Input data: Begin

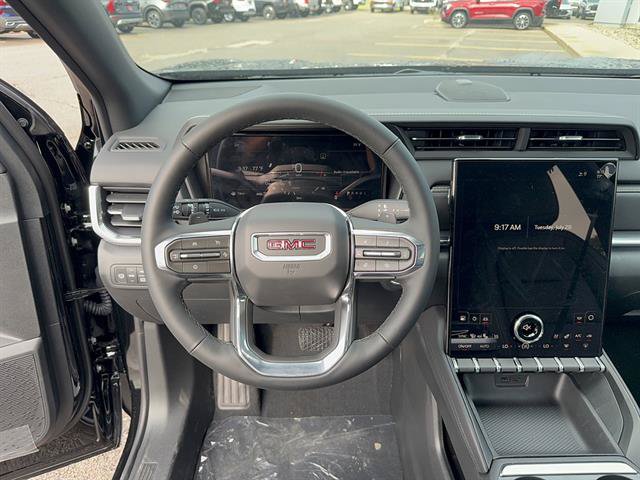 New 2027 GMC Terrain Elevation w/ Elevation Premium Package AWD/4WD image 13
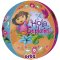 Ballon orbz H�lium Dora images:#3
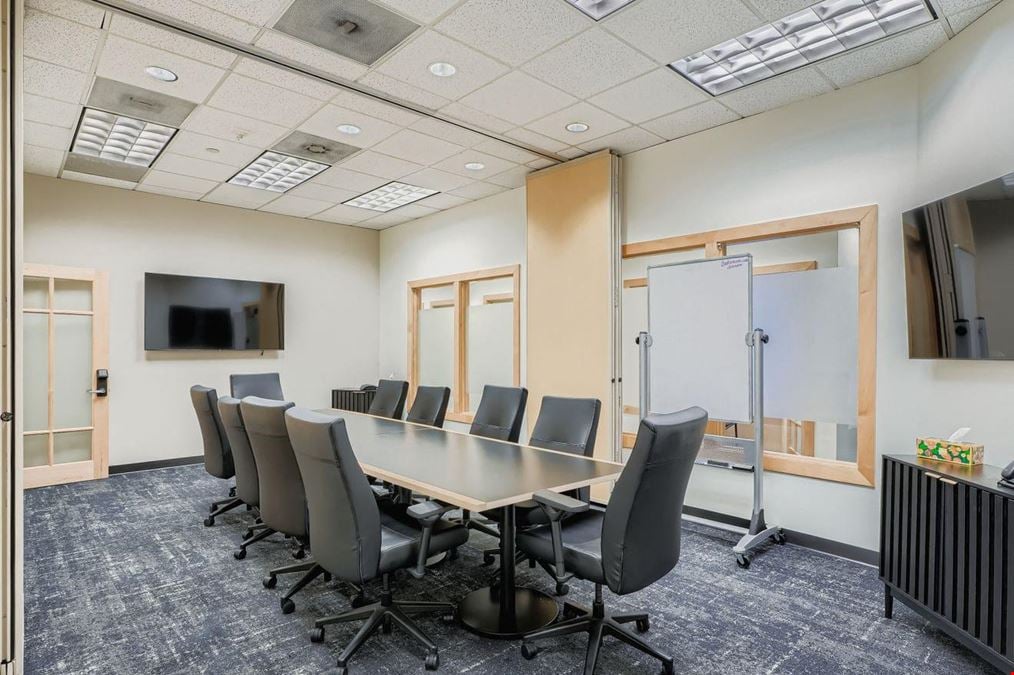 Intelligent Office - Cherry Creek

Input data: End

What is needed —
Since the pictures are not wanted, transcribe the rest of the listing above exactly.

Problem solution —
 New 2027 GMC Terrain Elevation w/ Elevation Premium Package AWD/4WD image 13
 Ballon orbz H�lium Dora images:#3
 Intelligent Office - Cherry Creek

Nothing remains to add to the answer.